■ **Exercise**:
Please copy out the entries below exactly, beginning with the line that contains "深度解密：探花为何如此火爆？" and ending with the line that contains "36.8 AC Pleasant Oak Trail", and include nothing outside that span.

# # # # #

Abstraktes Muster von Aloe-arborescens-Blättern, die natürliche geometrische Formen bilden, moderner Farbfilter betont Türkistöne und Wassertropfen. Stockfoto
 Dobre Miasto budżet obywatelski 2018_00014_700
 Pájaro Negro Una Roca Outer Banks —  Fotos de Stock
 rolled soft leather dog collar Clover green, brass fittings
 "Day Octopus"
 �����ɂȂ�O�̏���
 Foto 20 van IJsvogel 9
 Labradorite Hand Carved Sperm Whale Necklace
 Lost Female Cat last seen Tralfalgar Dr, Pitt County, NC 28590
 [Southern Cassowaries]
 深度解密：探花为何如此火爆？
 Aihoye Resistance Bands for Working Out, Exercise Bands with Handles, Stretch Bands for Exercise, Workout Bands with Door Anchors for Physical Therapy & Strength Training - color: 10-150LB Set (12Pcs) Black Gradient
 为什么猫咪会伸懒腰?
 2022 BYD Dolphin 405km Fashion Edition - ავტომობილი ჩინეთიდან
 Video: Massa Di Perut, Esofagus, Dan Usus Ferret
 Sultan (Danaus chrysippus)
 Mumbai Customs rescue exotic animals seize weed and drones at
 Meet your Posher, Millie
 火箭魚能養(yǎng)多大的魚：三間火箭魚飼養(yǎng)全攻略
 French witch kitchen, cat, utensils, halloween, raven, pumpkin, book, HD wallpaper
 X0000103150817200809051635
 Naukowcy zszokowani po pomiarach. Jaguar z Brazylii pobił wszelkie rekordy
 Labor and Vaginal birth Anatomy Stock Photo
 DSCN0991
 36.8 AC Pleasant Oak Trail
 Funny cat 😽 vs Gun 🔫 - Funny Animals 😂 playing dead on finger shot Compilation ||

# # # # #

■ **Solution for this problem**:
 深度解密：探花为何如此火爆？
 Aihoye Resistance Bands for Working Out, Exercise Bands with Handles, Stretch Bands for Exercise, Workout Bands with Door Anchors for Physical Therapy & Strength Training - color: 10-150LB Set (12Pcs) Black Gradient
 为什么猫咪会伸懒腰?
 2022 BYD Dolphin 405km Fashion Edition - ავტომობილი ჩინეთიდან
 Video: Massa Di Perut, Esofagus, Dan Usus Ferret
 Sultan (Danaus chrysippus)
 Mumbai Customs rescue exotic animals seize weed and drones at
 Meet your Posher, Millie
 火箭魚能養(yǎng)多大的魚：三間火箭魚飼養(yǎng)全攻略
 French witch kitchen, cat, utensils, halloween, raven, pumpkin, book, HD wallpaper
 X0000103150817200809051635
 Naukowcy zszokowani po pomiarach. Jaguar z Brazylii pobił wszelkie rekordy
 Labor and Vaginal birth Anatomy Stock Photo
 DSCN0991
 36.8 AC Pleasant Oak Trail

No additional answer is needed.